Passengers queue up at Qantas check-in counters at Singapore's Changi International Airport on October 31, 2011.


Photo credit: Photo | File | AFP

Instead of celebrating her 31st birthday with her two children back home, Joyce Njeri Mburu is a remandee in a foreign land, facing drug trafficking charges.

Ms Njeri, a resident of Nakuru County, was arrested on July 29 at Singapore's Changi Airport along with four other women for allegedly trafficking nearly 27 kilogrammes of cocaine hidden in stuffed toys, along with 10 grams of cannabis.

According to the Central Narcotic Bureau (CNB), the five women: four Kenyans and a Hong Kong national, were intercepted in the transit zone of terminal 4, while exchanging suitcases containing cocaine-stuffed toys.

After the search, officers recovered 26.9 kgs of cocaine in over 1,300 pellets, some hidden stuffed toys, along with 10g of cannabis in luggage belonging to two suspects.

According to Singapore's authorities, Ms Njeri is accused of importing between 275 and 380 pellets, containing 5.9 to 7.9 kg of cocaine.

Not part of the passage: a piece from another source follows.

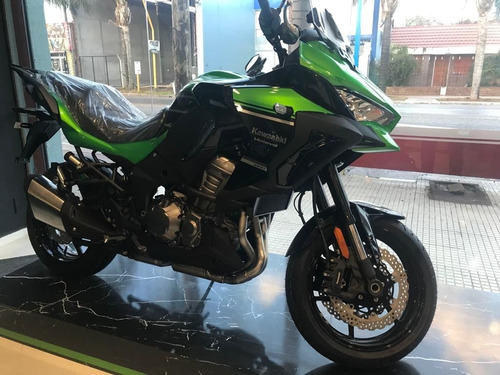 Kawasaki Versys 1000 2022 0km Verde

However, back at home in Maili Kumi in Bahati sub-County, her mother, Ms Rahab Wangui, notes that the news came as a devastating surprise as until her arrest, no one in the family knew she had travelled abroad. 

Ms Wangui says that she only learned about her foreign trip in August when she managed to contact her younger sister who lives in Nairobi from the detention in Singapore.

Afraid to break the news on phone, the sister took weeks before she eventually travelled to Nakuru.

"She never disclosed to anyone that she was leaving the country, she only called her sister after her arrest. She could be celebrating her birthday today, but here we are still processing and in the dark on how she landed in Singapore and where she got the drugs she is accused of trafficking," she said

According to Ms Wangui, Njeri has been living in Nakuru Town, juggling life as a single mother while raising her two children. She could visit or call them frequently, recalling that they last spoke in July.

Ms Wangui was alarmed when she failed to come home for her regular visits and her phone was switched off, but she thought that she was held up with work and would eventually turn up once free.

But that was not the case. Njeri had secretly travelled to Singapore where she was nabbed with drugs, leaving her family both heartbroken and worried about her fate in a country known for its tough drug laws.

In September, Njeri called her mother and asked to talk to her children, before requesting her mother to pray for her and assured them not to worry as she was okay.

"We did not talk much, she had been given only seven minutes, she just told me that she is remanded and that the Embassy had visited them. During our conversation, she told me that the mention date of the case has been scheduled for December 16. We are just waiting," she said.

Ms Wangui noted that Njeri dropped out of school while in form three.

In Singapore, drug trafficking attracts severe penalties, including long jail terms and, in some cases, death penalty depending on the quantity of narcotics involved.

Under Singapore's Misuse of Drugs Act, trafficking more than 30g of cocaine carries a mandatory death penalty.